**WHAT YOU WILL DO**
Return, with both end lines included, exactly what the data below holds from the line with "SEAT Arona Style EcoTSI DSG" through the line with "Toilettenpapierhalter Schaft 25 mm x 13 cm.", though not the pictures.

**EXERCISE INPUTS**
----------
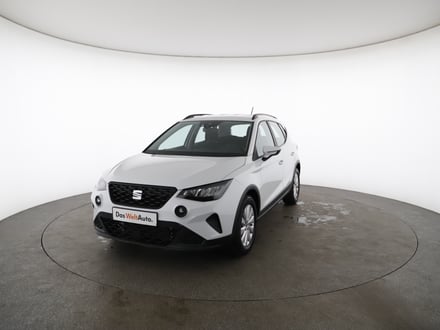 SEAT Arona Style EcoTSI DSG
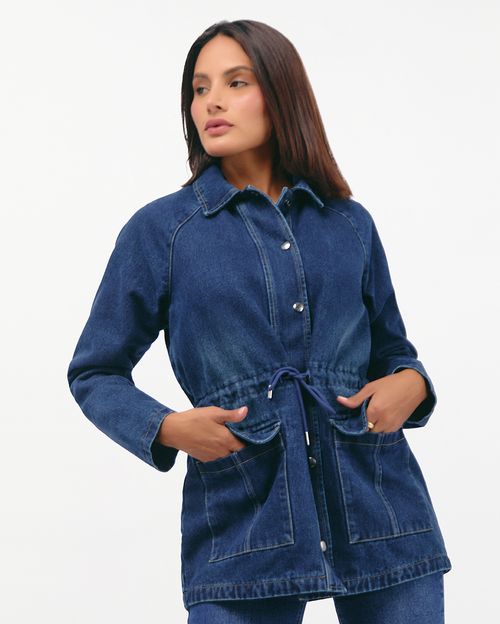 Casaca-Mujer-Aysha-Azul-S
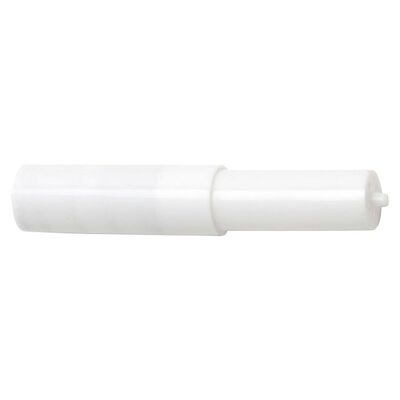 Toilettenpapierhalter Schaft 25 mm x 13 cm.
----------
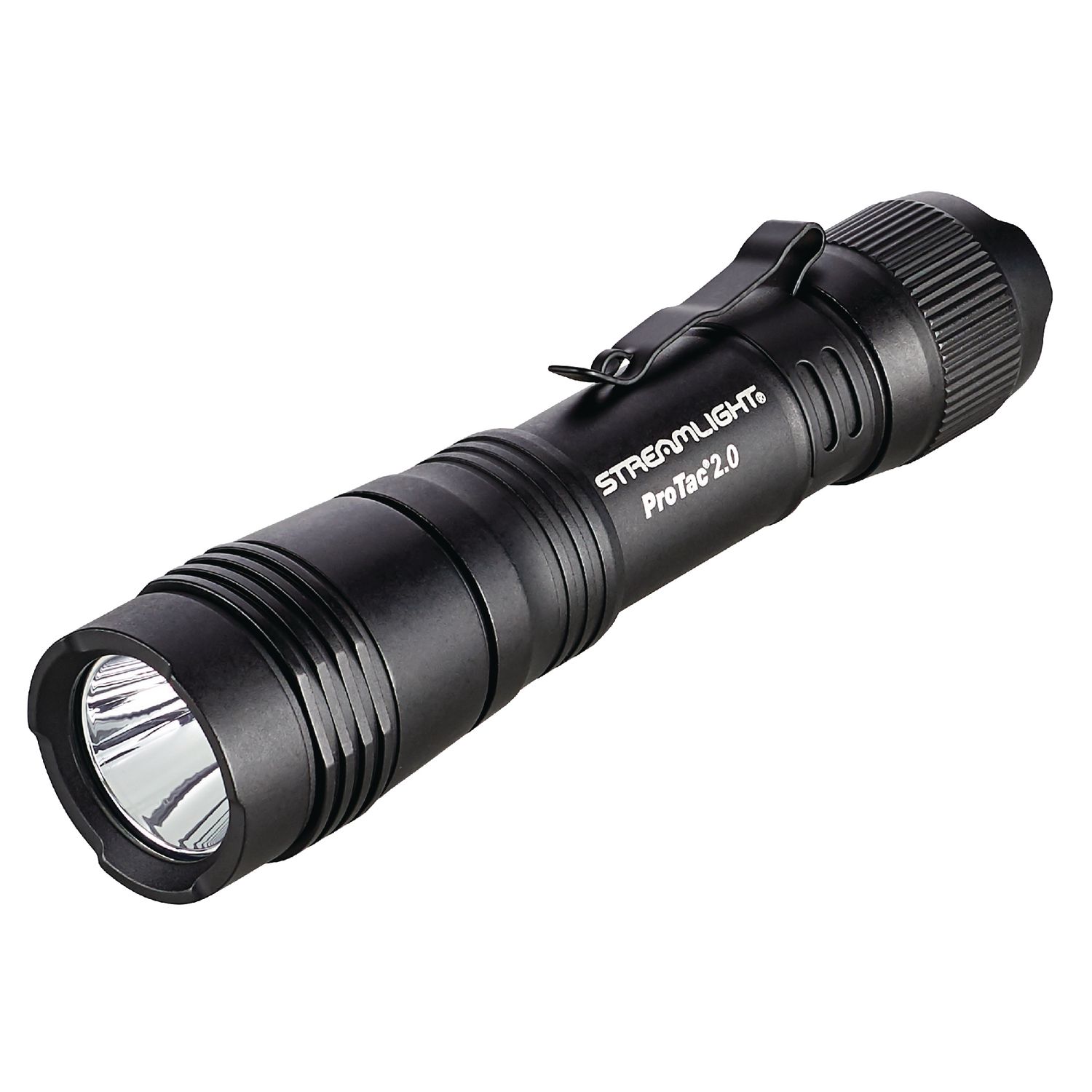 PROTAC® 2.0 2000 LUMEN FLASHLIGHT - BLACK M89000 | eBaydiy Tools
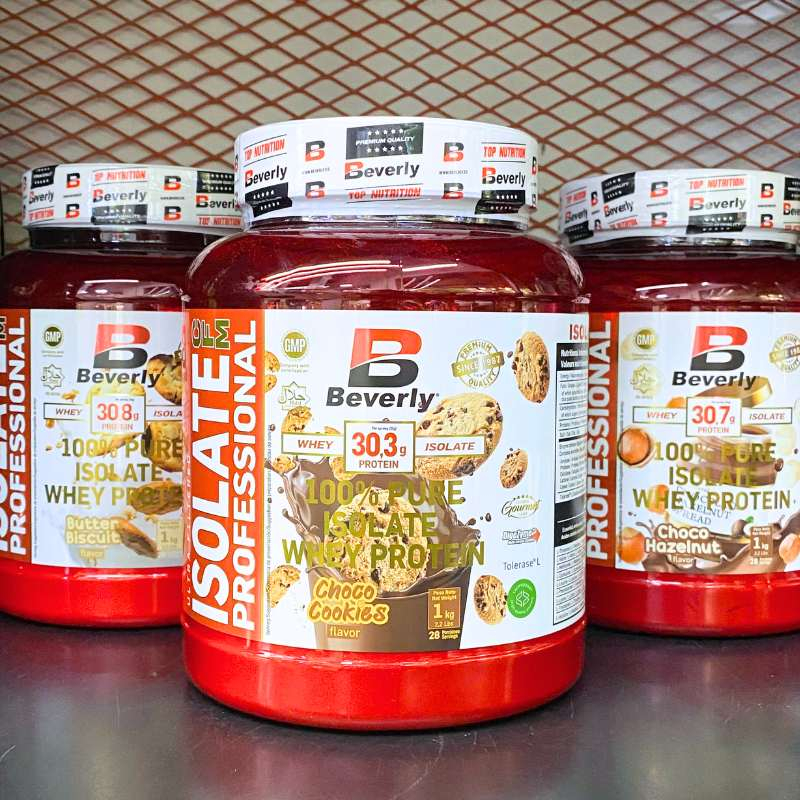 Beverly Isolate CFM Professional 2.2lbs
----------
**EXERCISE SOLUTION**
 SEAT Arona Style EcoTSI DSG
 Casaca-Mujer-Aysha-Azul-S
 Toilettenpapierhalter Schaft 25 mm x 13 cm.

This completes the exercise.